Seagate Buys Xyratex To Improve Hard Drive Testing

EMC

UK-based company has been taking hard drives apart for the past 25 years

Seagate has agreed to buy  its long-term partner, British enterprise storage specialist Xyratex, for around $374 million (£228m).

The acquisition should help one of the world’s largest storage vendors improve its supply and manufacturing chain, and give it access to the state-of-the-art hard drive testing equipment developed by Xyratex. Seagate will operate this business as a standalone entity, aiming to expand it further.

“Seagate shares our commitment to innovation and the critical role that test plays in providing the best storage products at the lowest possible cost,” said Ernie Sampias, CEO of Xyratex.

The deal is expected to close in the middle of next year. The news sent Xyratex’ share price up 27 percent on Tuesday morning.

Test pilots

Xyratex, headquartered in Havant, UK, has been working with hard drives for more than 25 years. It manufactures and sells a wide range of modular storage systems – from cheap enclosures to intelligent appliances with applications in analytics and High Performance Computing.

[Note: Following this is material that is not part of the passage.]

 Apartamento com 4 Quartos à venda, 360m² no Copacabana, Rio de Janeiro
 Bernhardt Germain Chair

But more importantly, the company has developed one of the industry’s largest hard drive capital test equipment businesses.

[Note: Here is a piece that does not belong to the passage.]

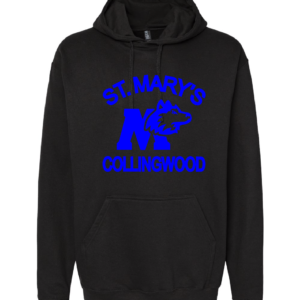 Youth M&O Embroidery/Twill Sweaters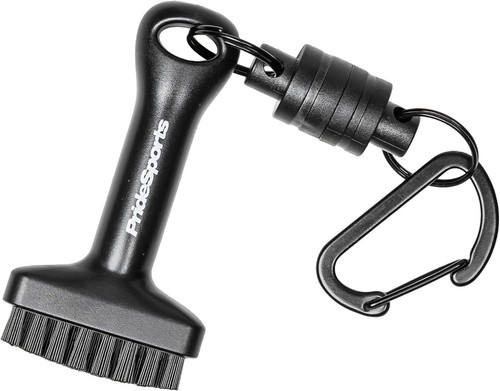 Pride sports golf brush pro - golf,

Titan - one of Xyratex test-benches“As the average capacity per drive increases to multi-terabytes, the time to test these drives increases dramatically,” explained Dave Mosley, president of Operations and Technology at Seagate. “Therefore, access to world-class test equipment becomes an increasingly strategic capability.

“As a premier provider of HDD testing equipment, Xyratex is an important partner and we are excited to integrate these important capabilities which will considerably streamline our supply and manufacturing chain for our core HDD business.”

According to an analyst quoted by Reuters, the acquisition should help Seagate strengthen its supply chain and cut down on costs, as the company begins to own more of the equipment it uses.

Seagate expects the transaction to be neutral to earnings per share in its fiscal 2015, when the new business could be bringing as much as $600 million in revenue.